Claims that the government has acted "regressively" in monitoring food animal production over the last five years were put forth Tuesday in a report issued by the Johns Hopkins University Center for a Livable Future.
The CLF, which released the report as a follow-up to a 2008 Pew Commission analysis of the government's oversight of animal agriculture, said "industrial" farming is continuing to cause a myriad of problems for public health, the environment, animal welfare and rural community living – all of which could be reined in with the help of the USDA and the Food and Drug Administration.
Robert S. Lawrence, director of the CLF, said the situation represented an "appalling lack of progress" that, when coupled with "lack of action or concern by the Congress, and continued intransigence of the animal agriculture industry, have made all of our problems worse."
The report specifically cites non-therapeutic use of antimicrobials in food animal production and the "broken system" that exists to handle farm waste as recommendations that have not been adopted by Congress.
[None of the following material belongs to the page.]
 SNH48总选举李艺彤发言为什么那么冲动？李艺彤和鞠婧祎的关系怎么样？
Also, the group recommends, based on previous findings in the Pew report, that "the most intensive and inhumane production practices" be phased out, along with aggressive enforcement of anti-trust laws to provide a level playing field for producers.
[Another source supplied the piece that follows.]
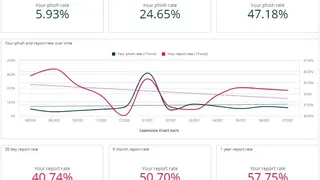 Infosec IQ screenshot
But representatives from the National Pork Producers, National Chicken Council and other animal ag organizations aren't so sure more regulations will be helpful, or that tighter government policies on antimicrobial use, for example, are the right way to go.
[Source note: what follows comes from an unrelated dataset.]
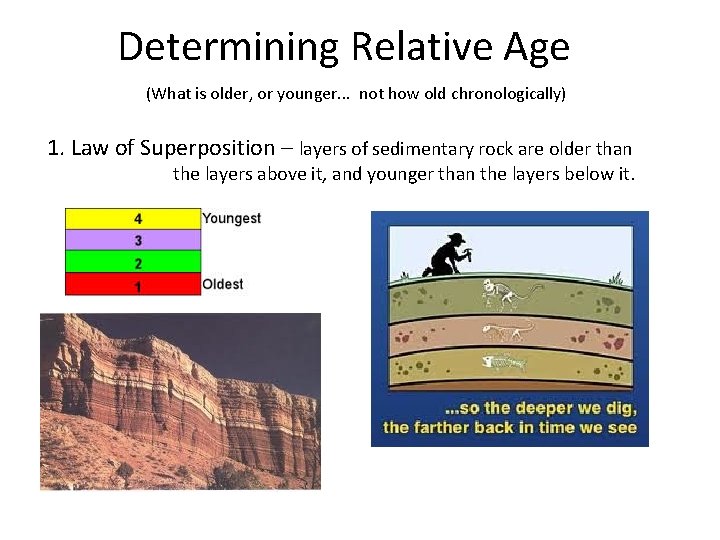 Determining Relative Age (What is older, or younger. . . not how old chronologically)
The groups on Tuesday explained their side of the story in a press call as well as their own report, which they said highlights advancements the animal ag industry has undergone in the last five years to improve productivity while protecting the environment and animal health.
"Just as it was five years ago, the charges against animal agriculture made in the CLF report bear little resemblance to the truth," Randy Spronk, NPPC president noted in response to the report.
"The report is wrong in every aspect, and the CLF ignored the extensive steps animal agriculture has taken over the last decade or more to address various industry challenges."
Those steps, Spronk contends, include advancements in protecting animals from disease and ensuring good stewardship of the air, land and water. A report from the Animal Agriculture Allliance, released Monday, backs up Spronk's viewpoint, detailing specific benchmarks livestock groups in each specie have met over the past several years.
The report also explains industry accomplishments in five areas: animal care, responsible antibiotics use, food safety, environmental sustainability and industry research initiatives.